I want to compare the reliability of different RAID systems with either consumer (URE/bit = 1e-14) or enterprise (URE/bit = 1e-15) drives. The formula to have the probability of success of a rebuild (ignoring mechanical problems, that I will take later into account) is simple:
error_probability = 1 - (1-per_bit_error_rate)^bit_read
Important to remember is that this is the probability of getting AT LEAST one URE, not necessarily only one.
Let's suppose we want 6 TB usable space. We can get it with:
RAID1 with 1+1 disks of 6 TB each. During rebuild we read back 1 disk of 6TB and the risk is: 1-(1-1e-14)^(6e12*8)=38% for consumer or 4.7% for enterprise drives.
RAID10 with 2+2 disks of 3 TB each. During rebuild we read back only 1 disk of 3TB (the one paired with the failed one!) and the risk is lower: 1-(1-1e-14)^(3e12*8)=21% for consumer or 2.4% for enterprise drives.
RAID5/RAID Z1 with 2+1 disks of 3TB each.
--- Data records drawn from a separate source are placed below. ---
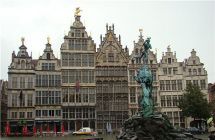 Grote Markt met standbeeld Brabo Antwerpen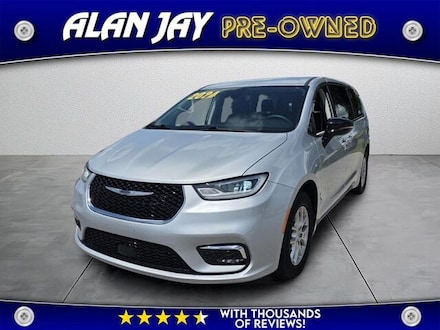 2024 Chrysler Pacifica Touring L Van Passenger Van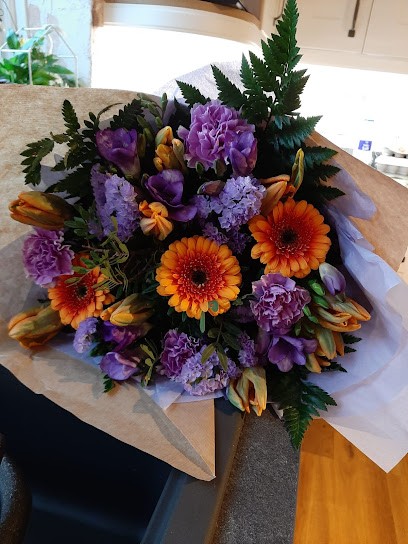 SARAH THOMAS FLOWERS, Florist in Bromyard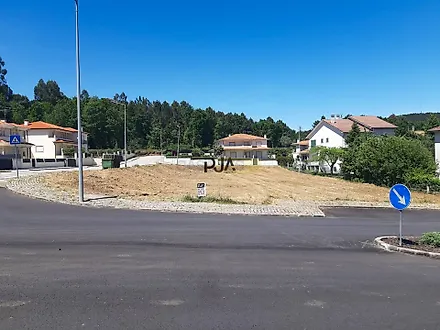 Land for sale in Sátão, Portugal — €83,000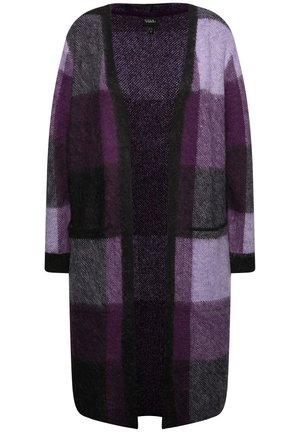 Lila karierte Strickjacke aus weichem Stoff, mit offener Vorderseite, langen Ärmeln und Taschen, verziert mit dunklem Besatz und verschiedenen Schattierungen von Lila.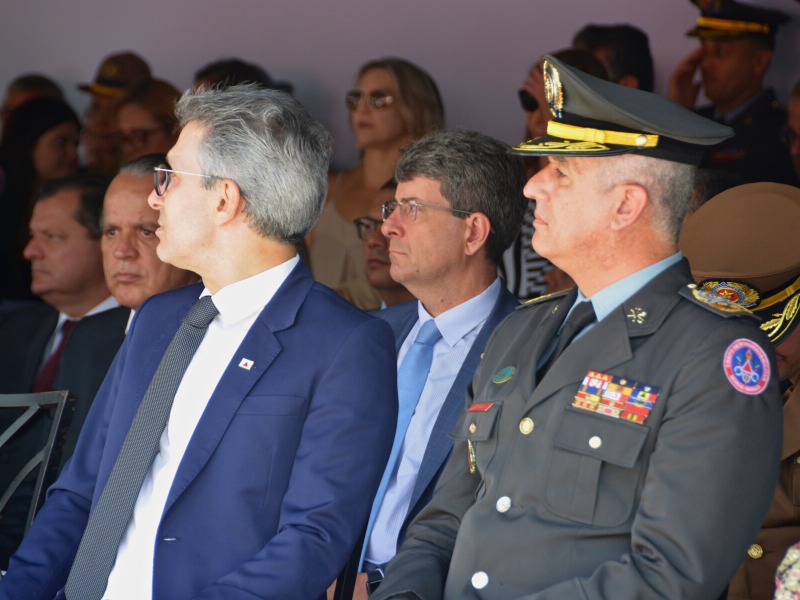 Governador, advogado-geral do Estado e outras autoridades participam da troca de comando do Corpo de Bombeiros Militar de Minas Gerais
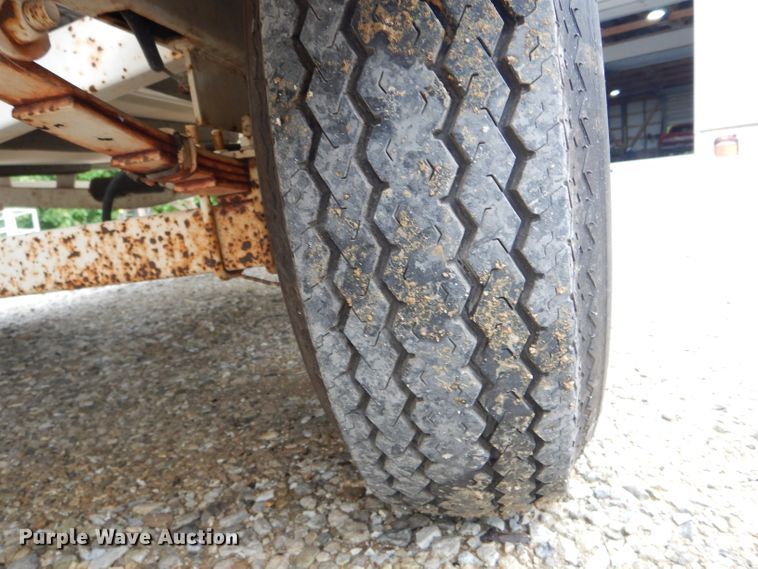 image for item DF3194 1992 Mastercraft Maristar 210  boat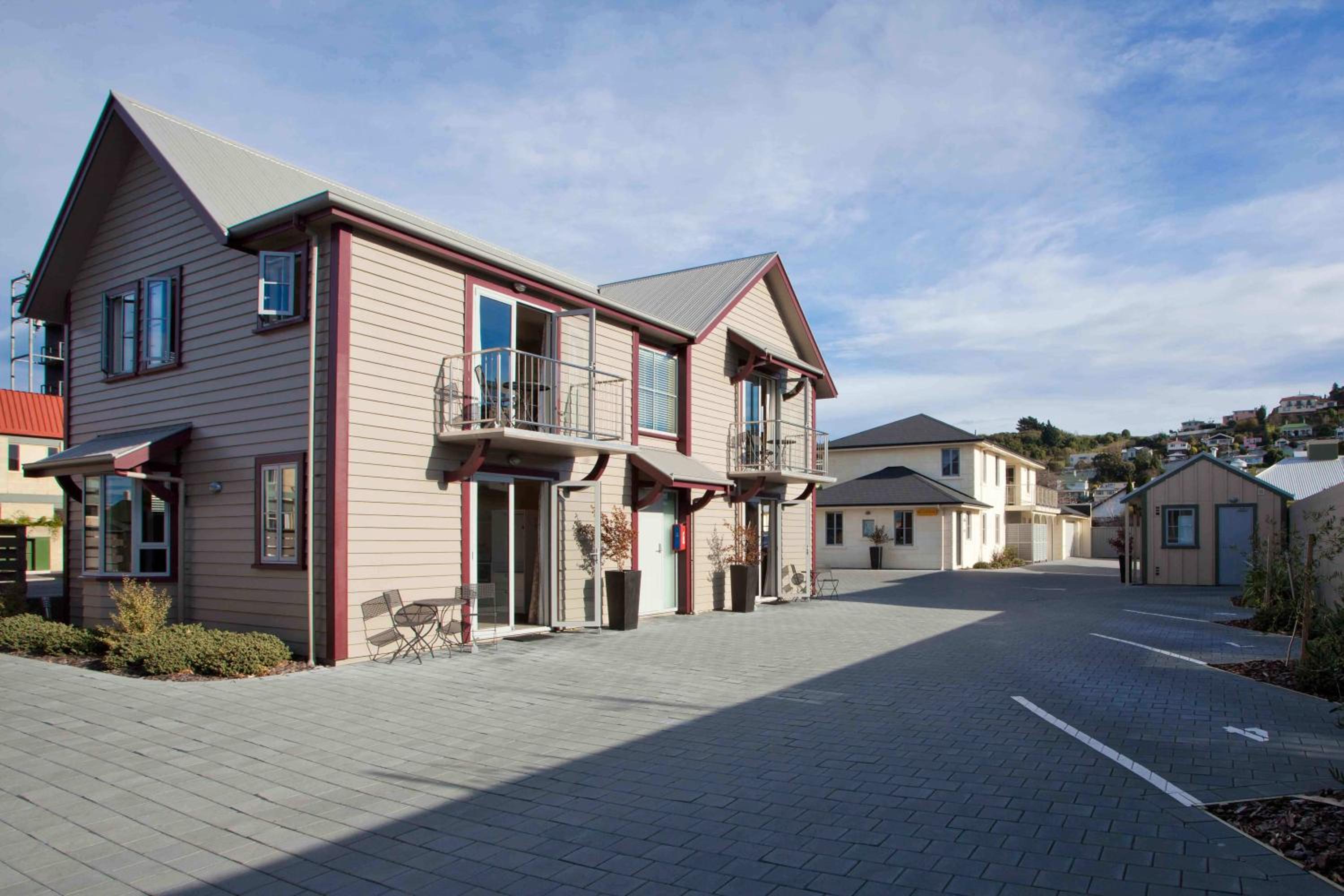 THE MEWS Oamaru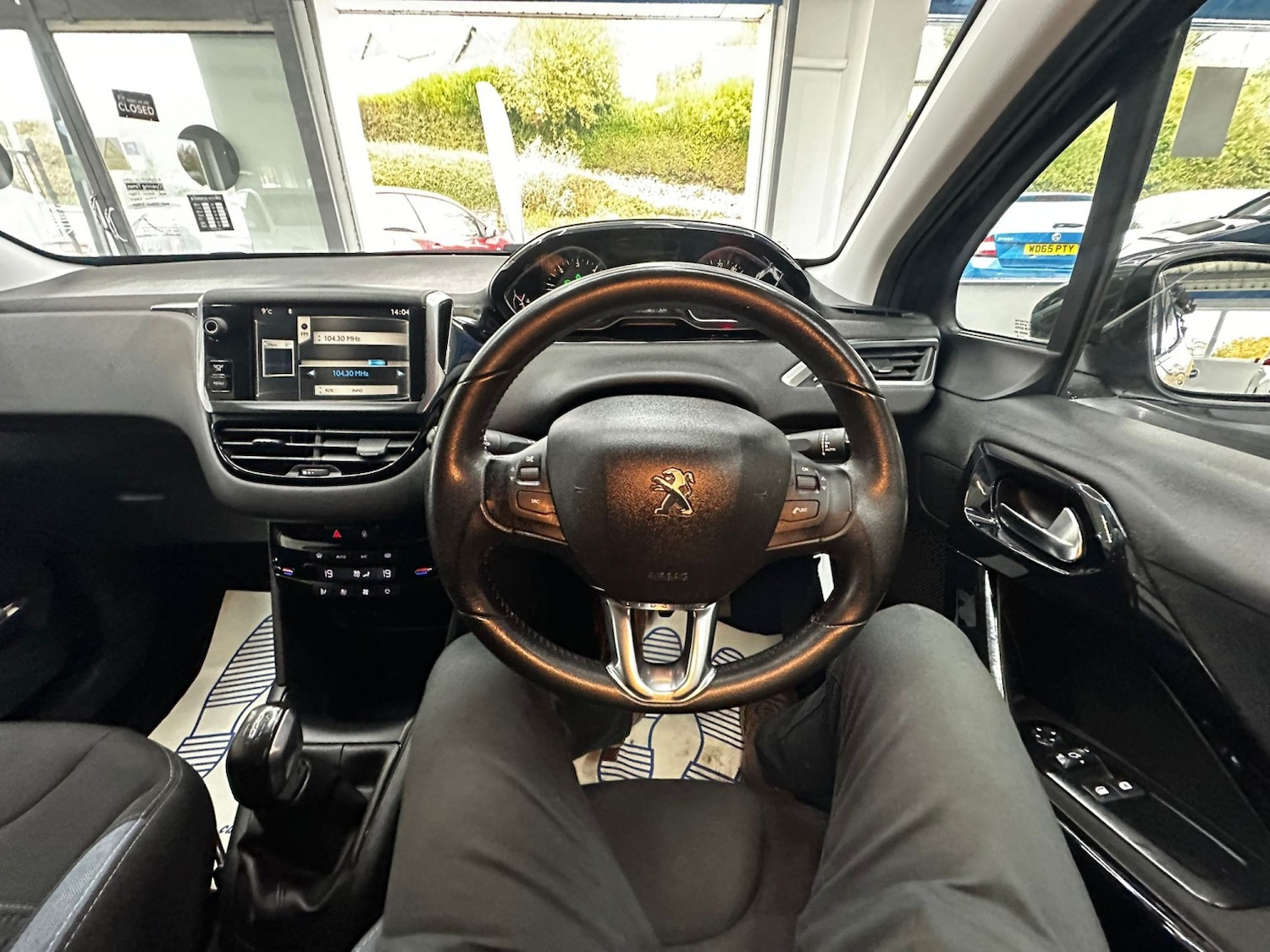 Used Peugeot 208 2014 for sale - 76521033: Photo 18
During rebuild we read back 2 disks of 3TB each and the risk is: 1-(1-1e-14)^(2*3e12*8)=38% for consumer or 4.7% or enterprise drives.
RAID5/RAID Z1 with 3+1 disks of 2 TB each (often used by users of SOHO products like Synologys). During rebuild we read back 3 disks of 2TB each and the risk is: 1-(1-1e-14)^(3*2e12*8)=38% for consumer or 4.7% or enterprise drives.
Calculating the error for single disk tolerance is easy, more difficult is calculating the probability with systems tolerant to multiple disks failures (RAID6/Z2, RAIDZ3).
If only the first disk is used for rebuild and the second one is read again from the beginning in case or an URE, then the error probability is the one calculated above square rooted (14.5% for consumer RAID5 2+1, 4.5% for consumer RAID1 1+2). However, I suppose (at least in ZFS that has full checksums!) that the second parity/available disk is read only where needed, meaning that only few sectors are needed: how many UREs can possibly happen in the first disk? not many, otherwise the error probability for single-disk tolerance systems would skyrocket even more than I calculated.
If I'm correct, a second parity disk would practically lower the risk to extremely low values.
Question aside, it is important to keep in mind that manufacturers increase the URE probability for consumer-class drives for marketing reasons (sell more enterprise-class drives), therefore even consumer-class HDDs are expected to achieve 1E-15 URE/bit read.
Some data: http://www.high-rely.com/hr_66/blog/why-raid-5-stops-working-in-2009-not/
The values I provided in parentheses (enterprise drives) therefore realistically apply to consumer drives too. And real enterprise drives have an even higher reliability (URE/bit=1e-16).
Concerning the probability of mechanical failures, they are proportional to the number of disks and proportional to the time required to rebuild.